*** Opening of RECORDED INFORMATION ***

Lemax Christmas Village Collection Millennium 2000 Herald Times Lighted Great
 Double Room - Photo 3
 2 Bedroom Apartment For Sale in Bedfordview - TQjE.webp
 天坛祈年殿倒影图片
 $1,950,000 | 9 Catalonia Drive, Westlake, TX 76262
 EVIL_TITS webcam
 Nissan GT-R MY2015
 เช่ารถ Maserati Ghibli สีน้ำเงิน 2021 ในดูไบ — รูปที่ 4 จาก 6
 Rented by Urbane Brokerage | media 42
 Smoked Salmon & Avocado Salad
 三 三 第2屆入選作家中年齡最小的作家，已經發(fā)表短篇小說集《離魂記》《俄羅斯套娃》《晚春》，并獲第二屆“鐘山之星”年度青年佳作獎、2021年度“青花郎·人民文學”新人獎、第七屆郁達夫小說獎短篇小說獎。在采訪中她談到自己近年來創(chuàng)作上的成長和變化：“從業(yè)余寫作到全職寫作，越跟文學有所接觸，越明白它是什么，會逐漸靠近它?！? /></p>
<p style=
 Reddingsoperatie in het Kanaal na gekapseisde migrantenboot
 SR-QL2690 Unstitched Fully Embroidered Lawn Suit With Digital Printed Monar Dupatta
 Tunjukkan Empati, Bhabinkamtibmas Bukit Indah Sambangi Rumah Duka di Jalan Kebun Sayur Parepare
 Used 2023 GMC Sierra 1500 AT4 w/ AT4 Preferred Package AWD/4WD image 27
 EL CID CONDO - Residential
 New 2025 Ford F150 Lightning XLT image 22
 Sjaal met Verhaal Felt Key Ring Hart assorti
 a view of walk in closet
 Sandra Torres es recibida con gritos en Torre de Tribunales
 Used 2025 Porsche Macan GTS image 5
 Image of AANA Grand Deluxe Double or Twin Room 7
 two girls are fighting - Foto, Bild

*** Close of RECORDED INFORMATION ***

▸ **REQUIRED WORK**
Output each line of the records above exactly, beginning at the first, and stop once the line containing "Smoked Salmon & Avocado Salad" has been output.

▸ **EXERCISE RESULT**
Lemax Christmas Village Collection Millennium 2000 Herald Times Lighted Great
 Double Room - Photo 3
 2 Bedroom Apartment For Sale in Bedfordview - TQjE.webp
 天坛祈年殿倒影图片
 $1,950,000 | 9 Catalonia Drive, Westlake, TX 76262
 EVIL_TITS webcam
 Nissan GT-R MY2015
 เช่ารถ Maserati Ghibli สีน้ำเงิน 2021 ในดูไบ — รูปที่ 4 จาก 6
 Rented by Urbane Brokerage | media 42
 Smoked Salmon & Avocado Salad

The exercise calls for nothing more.